No entanto, mais do que o conde sanguessuga, Holmes foi uma
criação tão coerente que, por muito tempo, houve quem acreditasse que ele
realmente existiu. Além da repercussão dos textos de Conan Doyle a partir de
1889, quando Londres se “encolheu” frente aos crimes brutais de Jack, o
Estripador (dois anos, portanto, após a publicação da primeira trama de Holmes,
"Um Estudo em Vermelho", de 1887), a confusão entre “ficção” e
“realidade” pode ser creditada ao modo preciso com o qual o autor descreveu a
rotina de seu herói e de seu fiel escudeiro (o não muito brilhante Dr. Watson)
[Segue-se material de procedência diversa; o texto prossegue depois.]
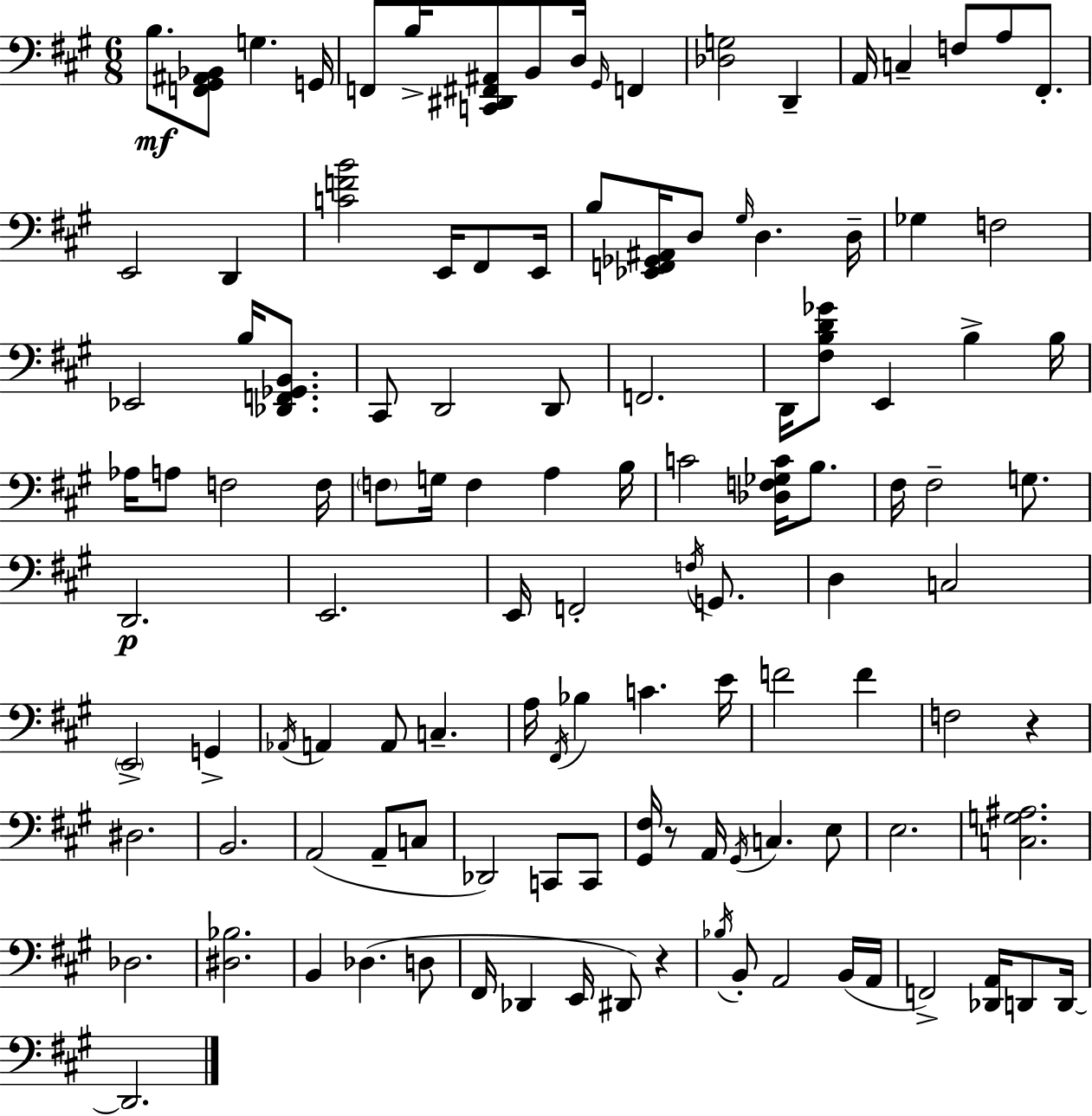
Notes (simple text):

B3/e. [F2,G#2,A#2,Bb2]/e G3/q. G2/s F2/e B3/s [C2,D#2,F#2,A#2]/e B2/e D3/s G#2/s F2/q [Db3,G3]/h D2/q A2/s C3/q F3/e A3/e F#2/e. E2/h D2/q [C4,F4,B4]/h E2/s F#2/e E2/s B3/e [Eb2,F2,Gb2,A#2]/s D3/e G#3/s D3/q. D3/s Gb3/q F3/h Eb2/h B3/s [Db2,F2,Gb2,B2]/e. C#2/e D2/h D2/e F2/h. D2/s [F#3,B3,D4,Gb4]/e E2/q B3/q B3/s Ab3/s A3/e F3/h F3/s F3/e G3/s F3/q A3/q B3/s C4/h [Db3,F3,Gb3,C4]/s B3/e. F#3/s F#3/h G3/e. D2/h. E2/h. E2/s F2/h F3/s G2/e. D3/q C3/h E2/h G2/q Ab2/s A2/q A2/e C3/q. A3/s F#2/s Bb3/q C4/q. E4/s F4/h F4/q F3/h R/q D#3/h. B2/h. A2/h A2/e C3/e Db2/h C2/e C2/e [G#2,F#3]/s R/e A2/s G#2/s C3/q. E3/e E3/h. [C3,G3,A#3]/h. Db3/h. [D#3,Bb3]/h. B2/q Db3/q. D3/e F#2/s Db2/q E2/s D#2/e R/q Bb3/s B2/e A2/h B2/s A2/s F2/h [Db2,A2]/s D2/e D2/s D2/h.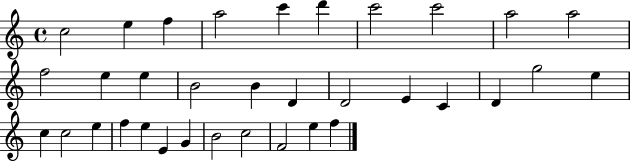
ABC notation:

X:1
T:Untitled
M:4/4
L:1/4
K:C
c2 e f a2 c' d' c'2 c'2 a2 a2 f2 e e B2 B D D2 E C D g2 e c c2 e f e E G B2 c2 F2 e f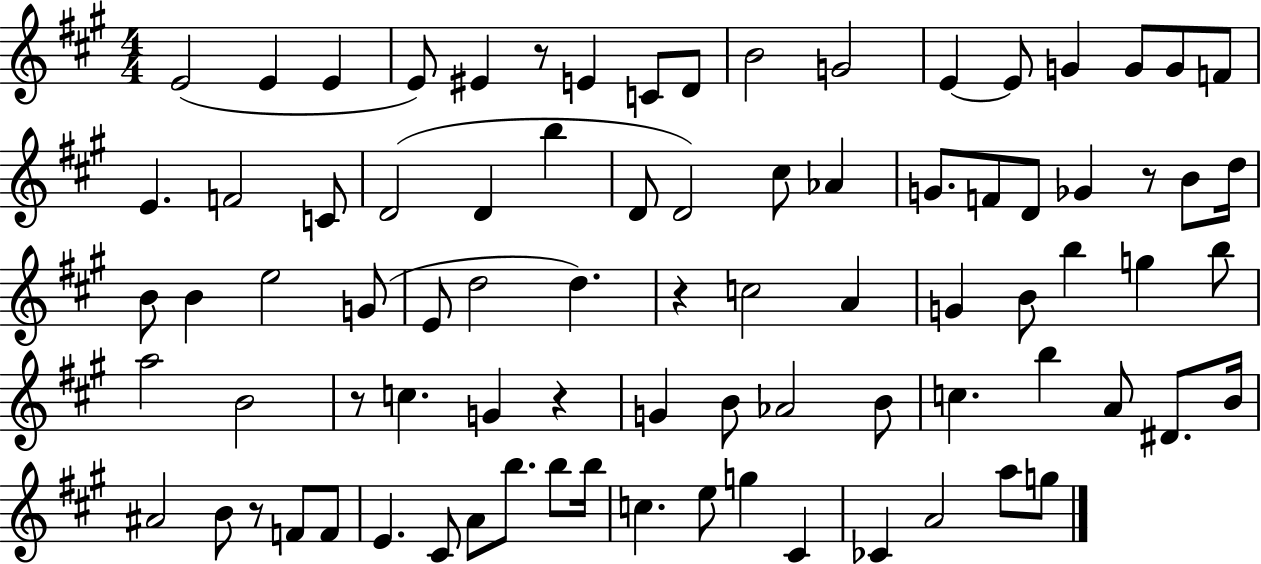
X:1
T:Untitled
M:4/4
L:1/4
K:A
E2 E E E/2 ^E z/2 E C/2 D/2 B2 G2 E E/2 G G/2 G/2 F/2 E F2 C/2 D2 D b D/2 D2 ^c/2 _A G/2 F/2 D/2 _G z/2 B/2 d/4 B/2 B e2 G/2 E/2 d2 d z c2 A G B/2 b g b/2 a2 B2 z/2 c G z G B/2 _A2 B/2 c b A/2 ^D/2 B/4 ^A2 B/2 z/2 F/2 F/2 E ^C/2 A/2 b/2 b/2 b/4 c e/2 g ^C _C A2 a/2 g/2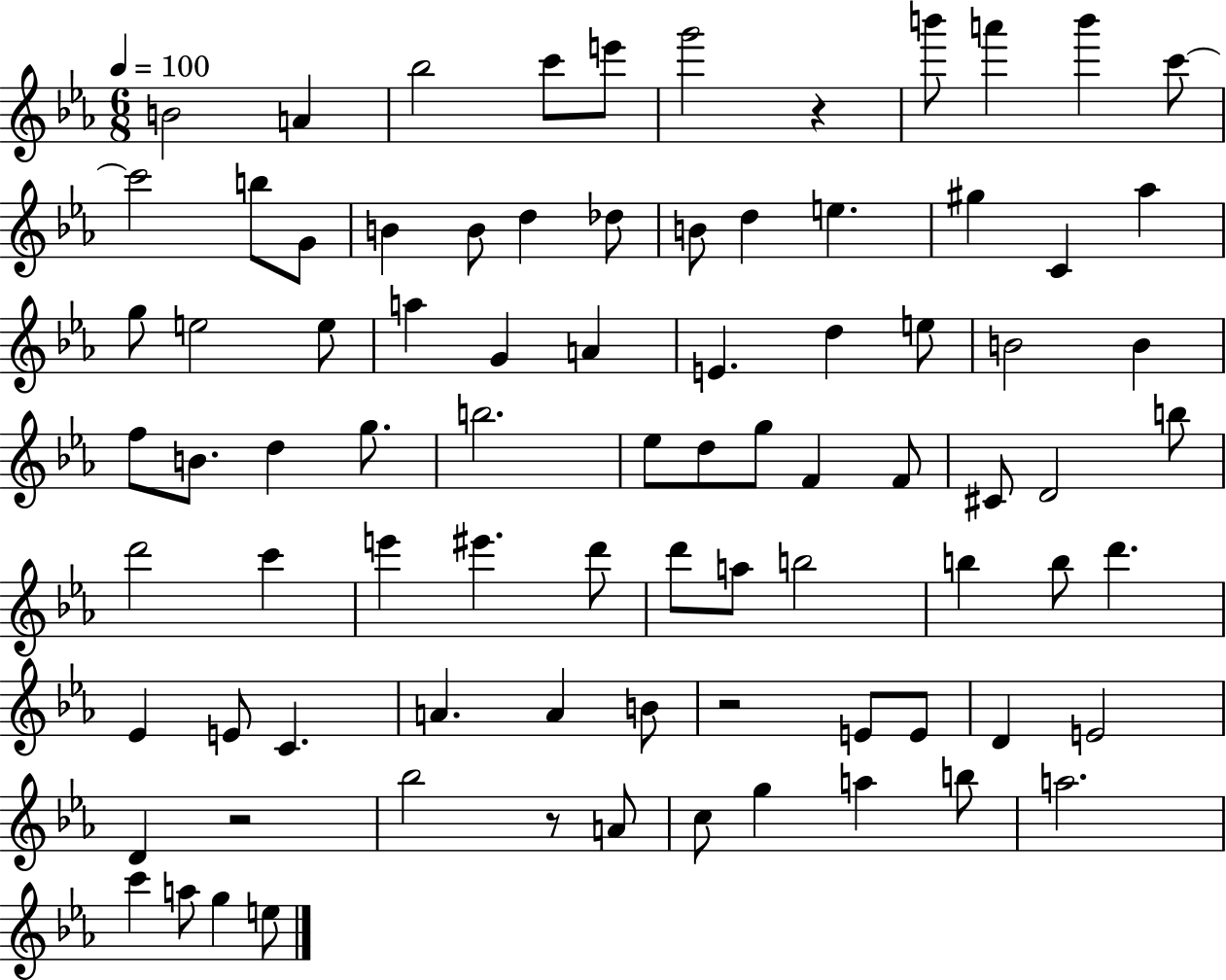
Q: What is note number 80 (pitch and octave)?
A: E5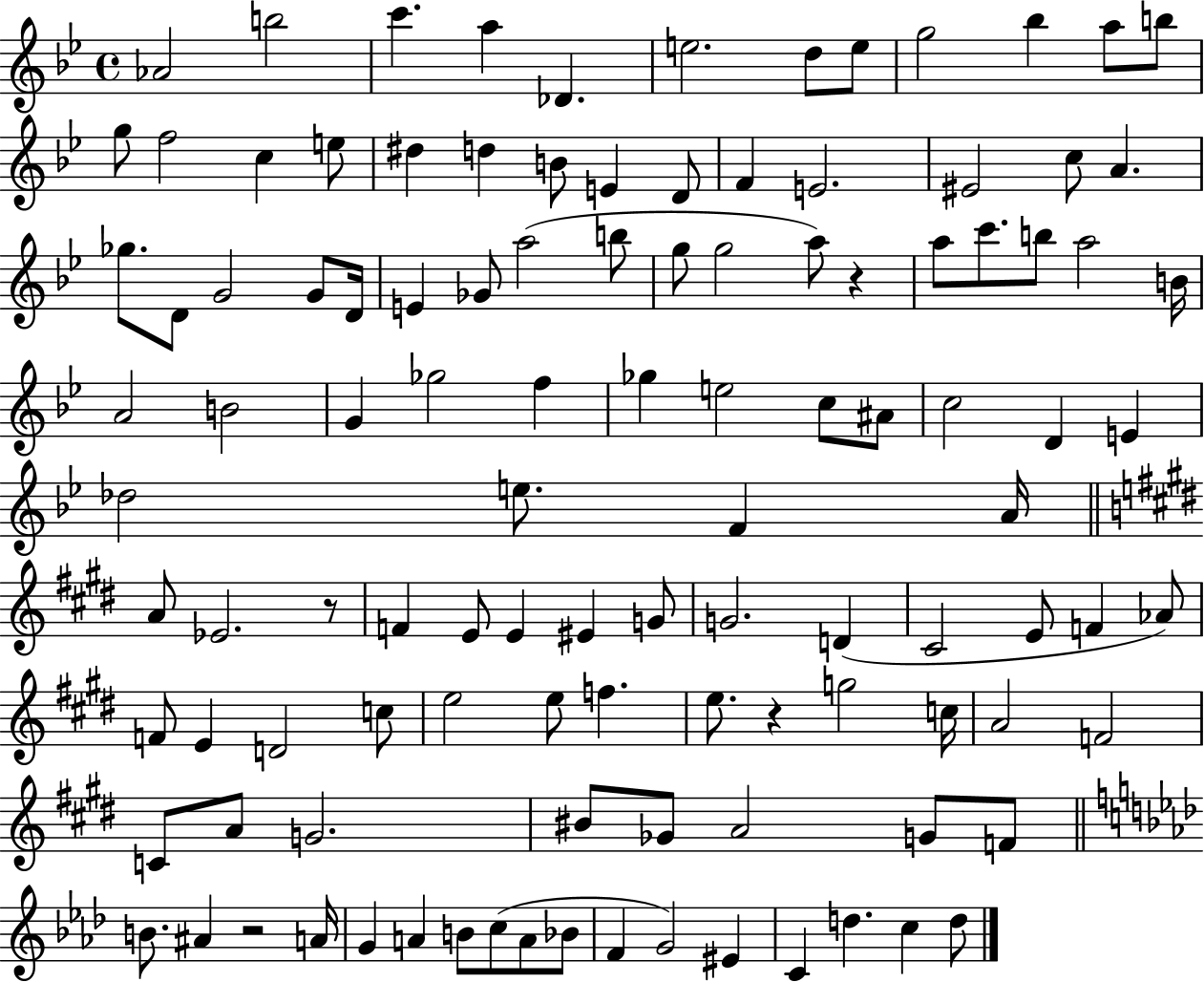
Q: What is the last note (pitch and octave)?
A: D5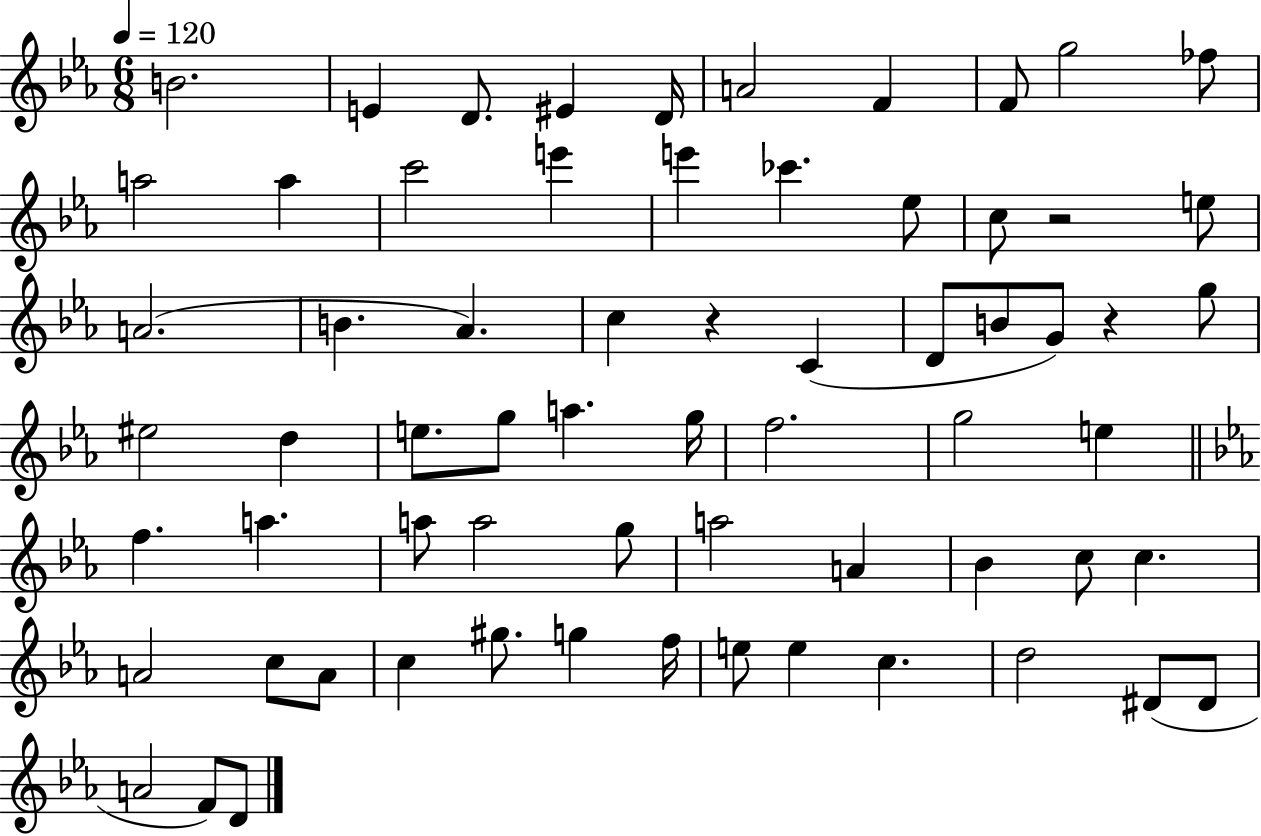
{
  \clef treble
  \numericTimeSignature
  \time 6/8
  \key ees \major
  \tempo 4 = 120
  b'2. | e'4 d'8. eis'4 d'16 | a'2 f'4 | f'8 g''2 fes''8 | \break a''2 a''4 | c'''2 e'''4 | e'''4 ces'''4. ees''8 | c''8 r2 e''8 | \break a'2.( | b'4. aes'4.) | c''4 r4 c'4( | d'8 b'8 g'8) r4 g''8 | \break eis''2 d''4 | e''8. g''8 a''4. g''16 | f''2. | g''2 e''4 | \break \bar "||" \break \key c \minor f''4. a''4. | a''8 a''2 g''8 | a''2 a'4 | bes'4 c''8 c''4. | \break a'2 c''8 a'8 | c''4 gis''8. g''4 f''16 | e''8 e''4 c''4. | d''2 dis'8( dis'8 | \break a'2 f'8) d'8 | \bar "|."
}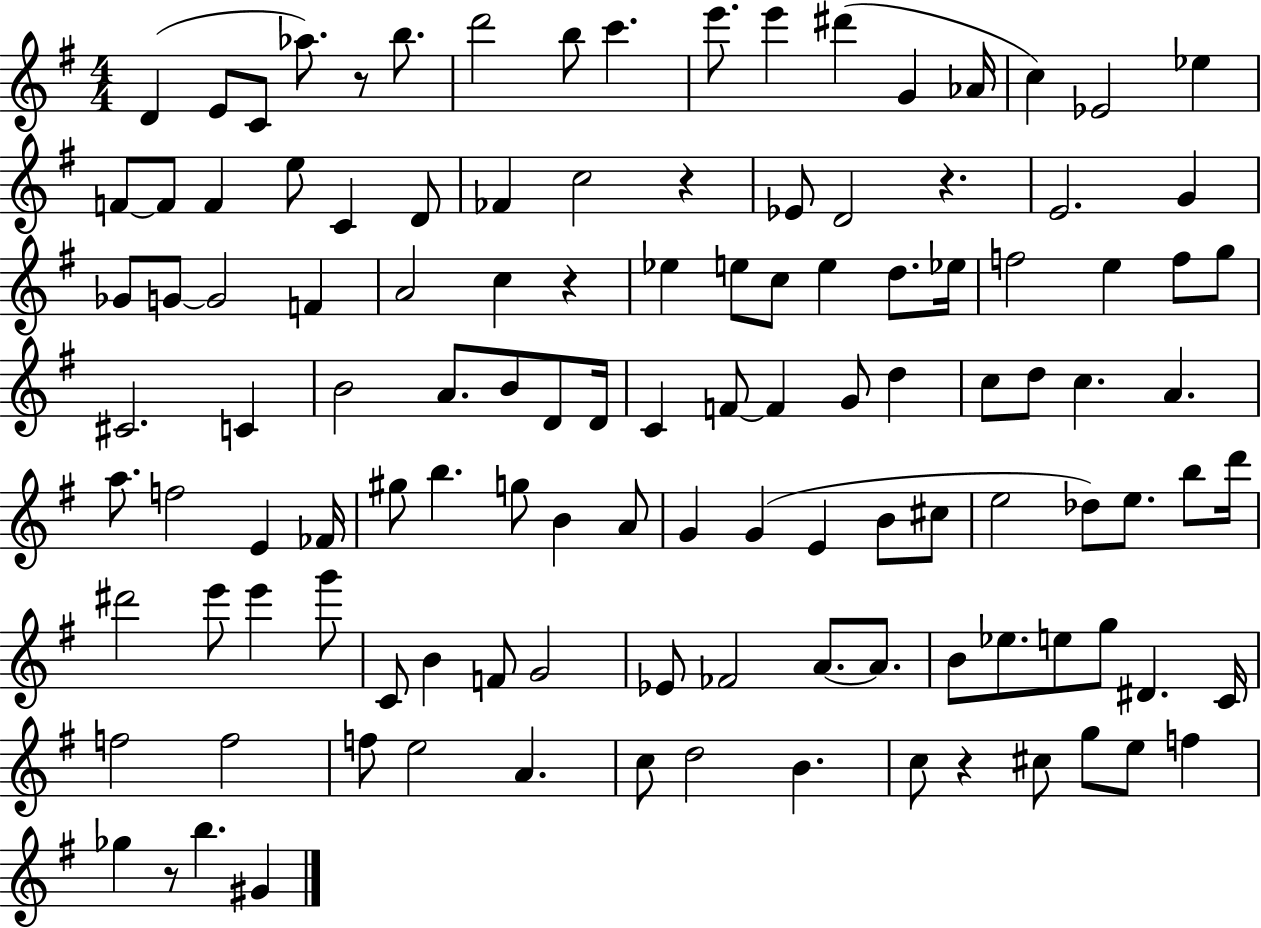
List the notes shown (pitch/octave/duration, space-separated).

D4/q E4/e C4/e Ab5/e. R/e B5/e. D6/h B5/e C6/q. E6/e. E6/q D#6/q G4/q Ab4/s C5/q Eb4/h Eb5/q F4/e F4/e F4/q E5/e C4/q D4/e FES4/q C5/h R/q Eb4/e D4/h R/q. E4/h. G4/q Gb4/e G4/e G4/h F4/q A4/h C5/q R/q Eb5/q E5/e C5/e E5/q D5/e. Eb5/s F5/h E5/q F5/e G5/e C#4/h. C4/q B4/h A4/e. B4/e D4/e D4/s C4/q F4/e F4/q G4/e D5/q C5/e D5/e C5/q. A4/q. A5/e. F5/h E4/q FES4/s G#5/e B5/q. G5/e B4/q A4/e G4/q G4/q E4/q B4/e C#5/e E5/h Db5/e E5/e. B5/e D6/s D#6/h E6/e E6/q G6/e C4/e B4/q F4/e G4/h Eb4/e FES4/h A4/e. A4/e. B4/e Eb5/e. E5/e G5/e D#4/q. C4/s F5/h F5/h F5/e E5/h A4/q. C5/e D5/h B4/q. C5/e R/q C#5/e G5/e E5/e F5/q Gb5/q R/e B5/q. G#4/q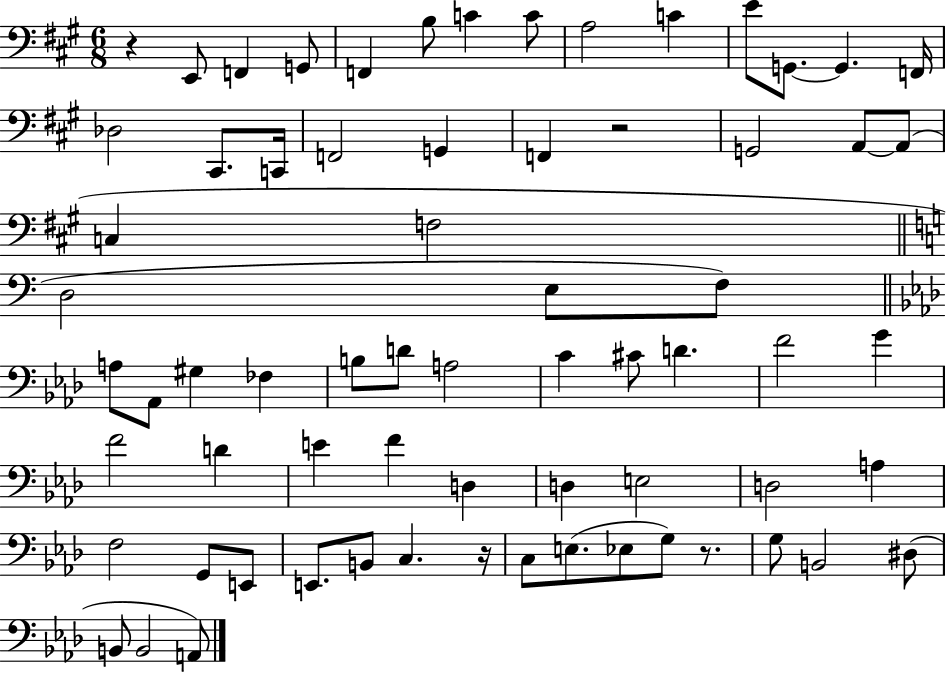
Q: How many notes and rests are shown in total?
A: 68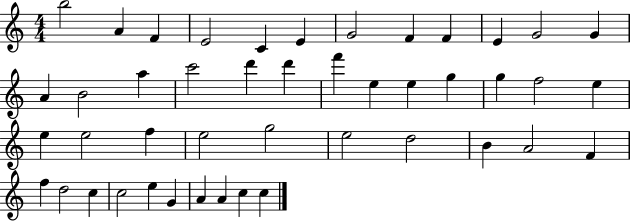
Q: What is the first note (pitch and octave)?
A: B5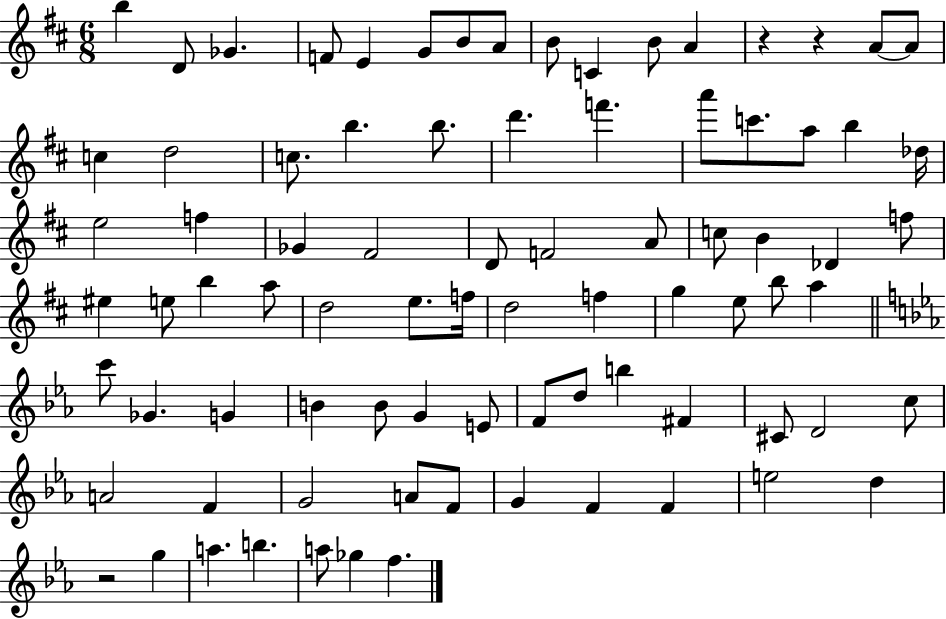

naquele apartamento em Baker Street, número 221B.
* * *
A exemplo de outros heróis literários – como o já referido
Bond, um legítimo sucessor de Holmes na tradição dos romances de mistério
ingleses –, nosso detetive ganhou contornos mais definidos ao longo de sua
bibliografia, adquirindo um caráter complexo nas últimas histórias (vale
lembrar que, embora sejam totalmente antagônicos em uma primeira análise, há
paralelos surpreendentes entre os Sherlock Holmes e James Bond literários, tese
provada no interessante livro-ensaio “Did He Really Live Twice?”, de John
Bryan).
Por exemplo: a noção de que Holmes é incapaz de atos
violentos é uma crendice popular, cunhada por incontáveis interpretações do
personagem no cinema (muitas delas, assumidas paródias). Segundo seu criador, o
detetive, mesmo sendo um discípulo da lógica, mantinha-se sempre em forma, era
um ótimo boxeador, esgrimista e adepto do Baritsu, tipo de luta praticado com
bastões. O que não quer dizer, é claro, que Holmes fosse um tipo de Allan
Quatermain (suas técnicas eram mais sutis; era com o cérebro que ele desbancava
os inimigos). Mas Sherlock tinha facetas só conhecidas dos aficionados pelo
personagem, ou de quem leu a integridade de sua obra.
E no que diz respeito aos “sherlockmaníacos”: se você cultua
fenômenos “pop” como Star Wars ou O Senhor dos Anéis, saiba que, nem de longe,
sua torcida supera a de Holmes, Watson e Cia. Os fãs de Conan Doyle estão por
aí há mais de um século e, nesse tempo, andaram trocando ideias e discutindo o
vasto legado ficcional do autor. Uma busca nas páginas brasileiras da Internet
já revela sites fantásticos e listas de discussão bem interessantes sobre o
herói – e isto se repete em todo o mundo.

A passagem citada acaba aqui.